Many of us have had work experiences in organizations that seem to stifle all innovation and entrepreneurial energy. Just as entrepreneurial organizations have certain characteristics in common, so do anti-entrepreneurial ones. Here are the things they do to kill entrepreneurial spirit and enterprise:

Play it safe:
Encouraging your employees to “keep their heads down” is a great way to ensure that your organization will not be entrepreneurial. The essence of innovation is about making noise in the marketplace, trying new things, and taking risks. An entrepreneur can be found in her client’s office, at a conference, meeting with competitors, and out looking for partners. Not sitting behind a desk playing it safe.

Get approvals first:
Organizations that insist employees run all decisions up the chain of command before they can act most certainly want to murder entrepreneurial spirit. In innovative organizations, decision-making is pushed down to the lowest level possible and managers understand that their jobs are to support employees’ risk-taking. Leaders who say, “I’ve got your back” will surely have more successful employees and growing organizations.

Keep people stove piped:
Definitely make sure that teams don’t interact if you want to murder entrepreneurship in your organization. In fact, design your organizational cart and revenue systems to pit teams in competition with each other. Entrepreneurial organizations create structures, policies, and revenue models that encourage cross-team collaboration. Information sharing at all levels is rampant and the organization rewards people for cross-pollination of ideas.

Don’t reward entrepreneurial success and do punish risk-takers:
The fast track for murdering entrepreneurship in your organization is to punish employees’ mistakes. Demotions, suspensions, calling them out in front of their peers — all great ways to kill the spirit of innovation in your organization.
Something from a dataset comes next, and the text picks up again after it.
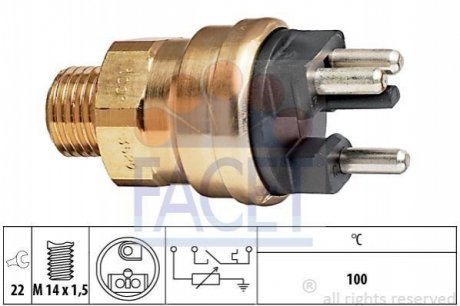 Датчик температури W124/201 M102 (3 конт.) FACET 7.3529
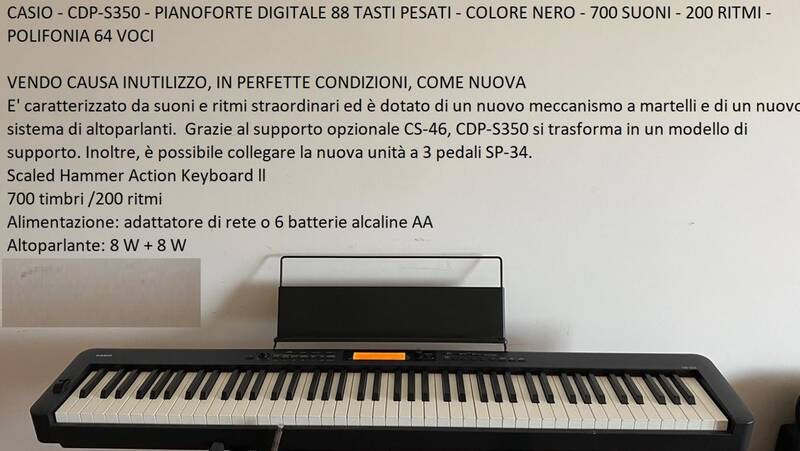 vendo tastiera casio cdp s350 pianoforte digitale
And not just in the employees who took the risk, but all of the people around him or her. In entrepreneurial organizations, leaders down-play the mistakes of their employees, encourage them to learn from them and try again. Similarly, failing to reward entrepreneurial success can kill off entrepreneurial spirit. Innovative organizations celebrate every success — patents, papers published, new clients, great client service, obtaining advanced degrees and certifications, and other milestones. Financial rewards are wonderful, and certainly use your organization’s bonus and award system to reward success. But recognition is also a powerful reward. Make sure your rewards take place in public, in front of employees, bosses, peers, and clients.

Neglect measuring entrepreneurial success:
If you want more of something, measure it. Conversely, don’t create any measures of entrepreneurial success if you want to murder entrepreneurship in your organization. Prosperous organizations create measures for entrepreneurial activity — dollars generated, new clients gained, growth of team — and they make these measures part of the formal review process. They become performance standards that the employee helps to set and then strives to meet.